落とし穴みたく簡単な物なら一つ当たりだいたい五秒。そんで、もちっと工夫を凝らした物だとだいたい十から二十秒程度だな」
「それはもう設置するとは言えないぞ? 」
「ま、これに関しては元々そうなってたとしか言いようがねぇから、気にしたら負けってやつだな」
「なんだそれ? 自分でも理屈が分かってないじゃないか」
番野の指摘に、八瀬は肩をすくめて見せた。
「二つ目は、一番効果的な仕掛け場所を見つける能力だ。こいつはとても役に立つ。
ただ罠を仕掛ける分にももちろん使えるが、俺が近接戦で使う鋼糸もこいつを使うことで威力を上げてる。
応用次第で他の用途にも使える便利な能力だ」
「へぇー。それは便利だな。《罠師》に『転職』してみたくなってきたぜ」
「ハン。お前にこの能力を使いこなせる程の頭があれば良いな」
「は? 」
しかし、《罠師》の能力で最適な仕掛け場所を割り出せると言っても、それが一つだけしか出ない筈はなく、幾つもの候補の中から選抜しなければならない為、最終的には自分が相手の行動をどれだけ予測できるかが勝負となってくる。
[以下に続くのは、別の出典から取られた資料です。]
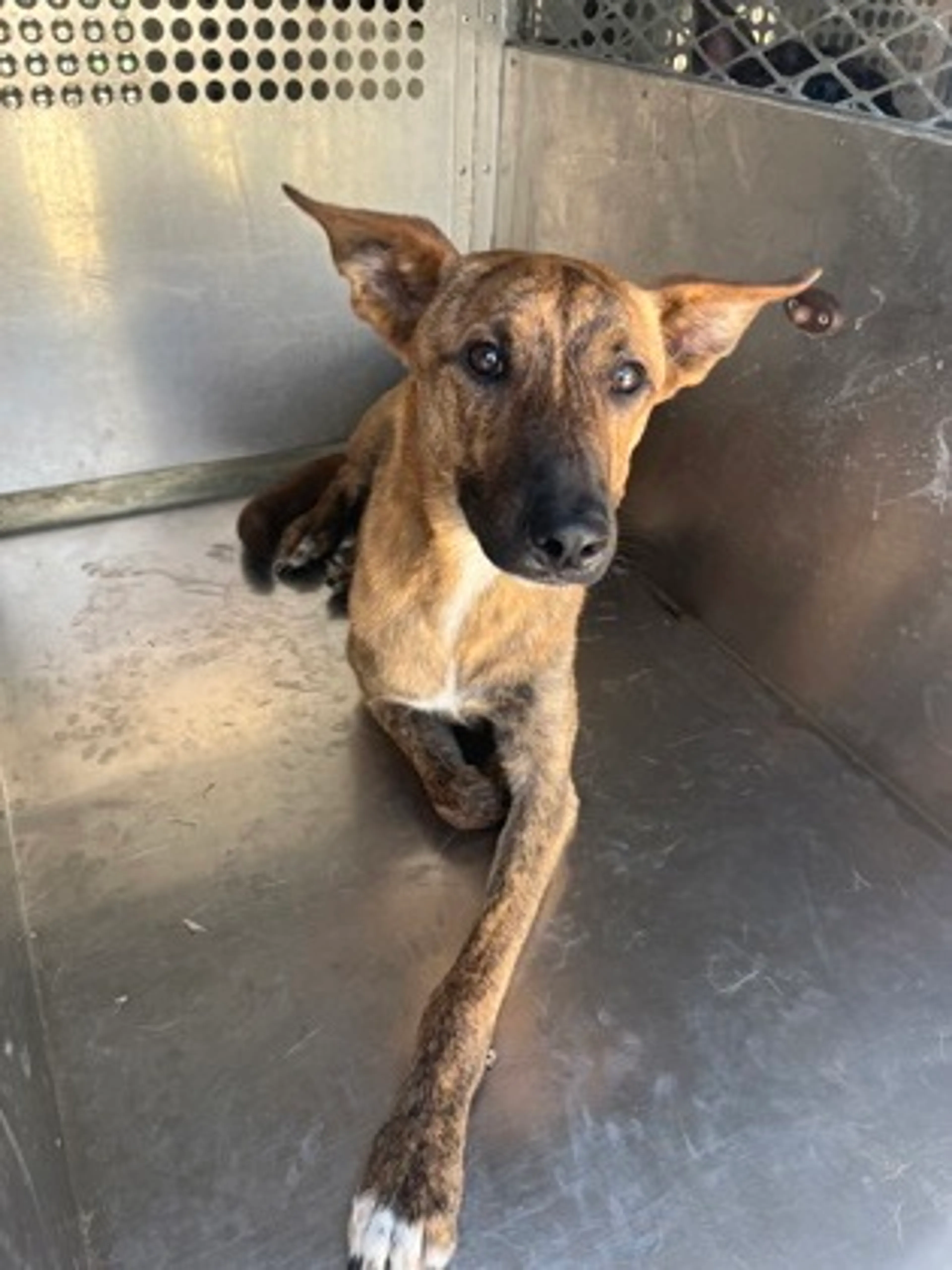 Found pet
なので、例えこの職業に当たったとしても、多少頭が良い程度ではとても使いこなすことは叶わない。
「よし。んじゃ、番野。飯前にもう一回動いて腹を空かせようぜ? 隠れ家まで競争しようぜ。
負けた方は肉系没収な」
言うなり、八瀬は本当に子供のように走り出した。
「おい、ちょっ」
番野はその様子を頭を掻きながら見ていた。
「小学生かよ。だが今はそんなことより、肉系半分没収は回避しないといけない。
ちとズルするか」
そう言って、番野も走り出した。
そしてそのすぐ後、日の沈んだ森の中に一つの大きな悲鳴が響き渡った。